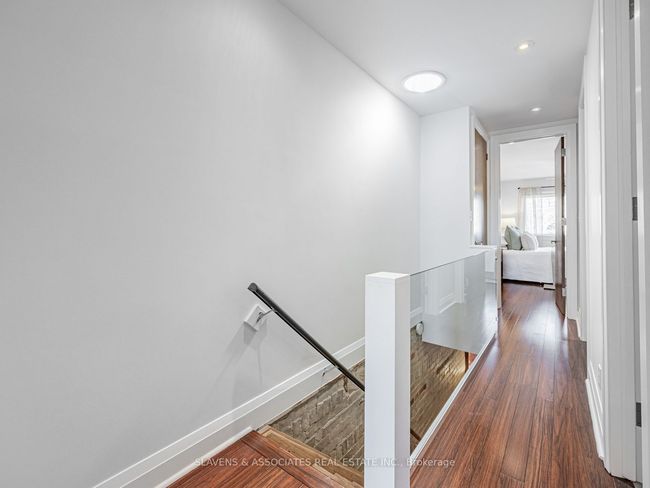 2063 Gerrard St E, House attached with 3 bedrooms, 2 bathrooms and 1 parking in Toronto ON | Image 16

-----

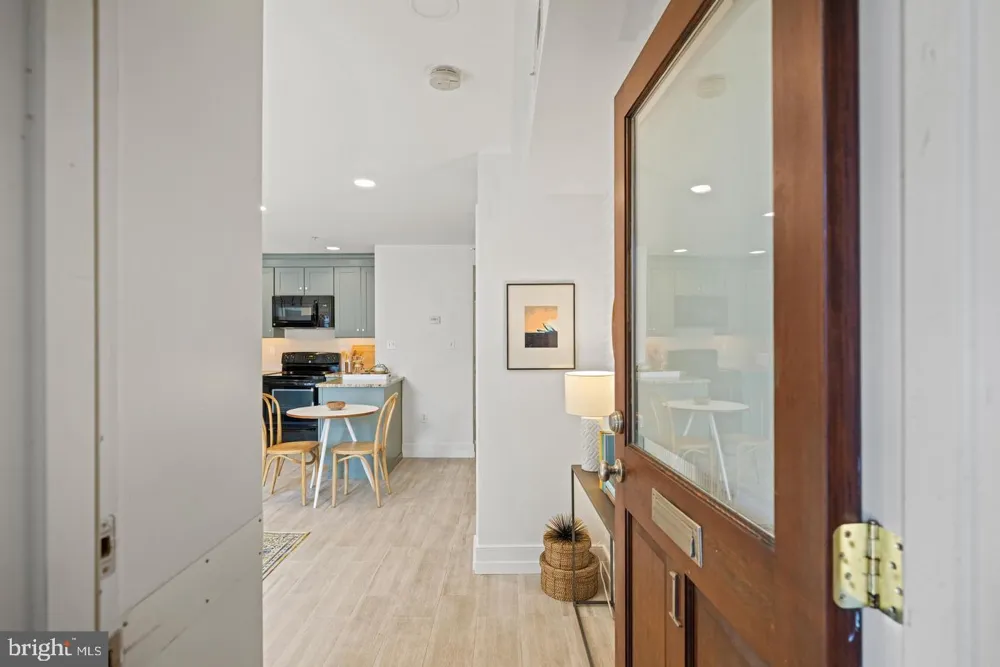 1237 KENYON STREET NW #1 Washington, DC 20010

-----

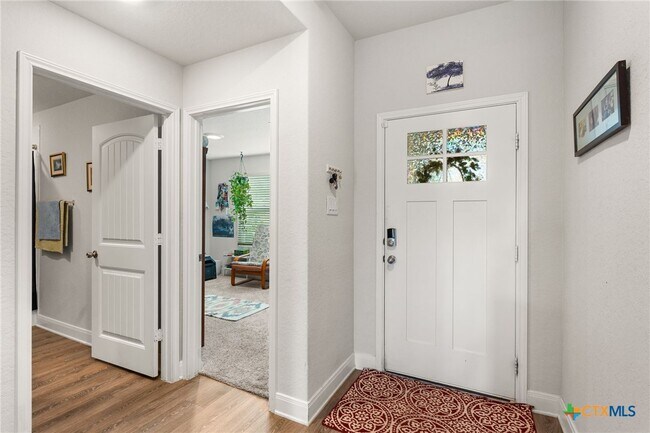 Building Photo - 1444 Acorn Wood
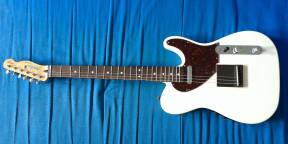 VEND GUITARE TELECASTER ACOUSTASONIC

-----

_Prompt_:
Above are the records; please give again, exactly and in full, only the lines that run from the line with "Building Photo - 1444 Acorn Wood" through the line with "VEND GUITARE TELECASTER ACOUSTASONIC", with no pictures.

_Final answer_:
 Building Photo - 1444 Acorn Wood
 VEND GUITARE TELECASTER ACOUSTASONIC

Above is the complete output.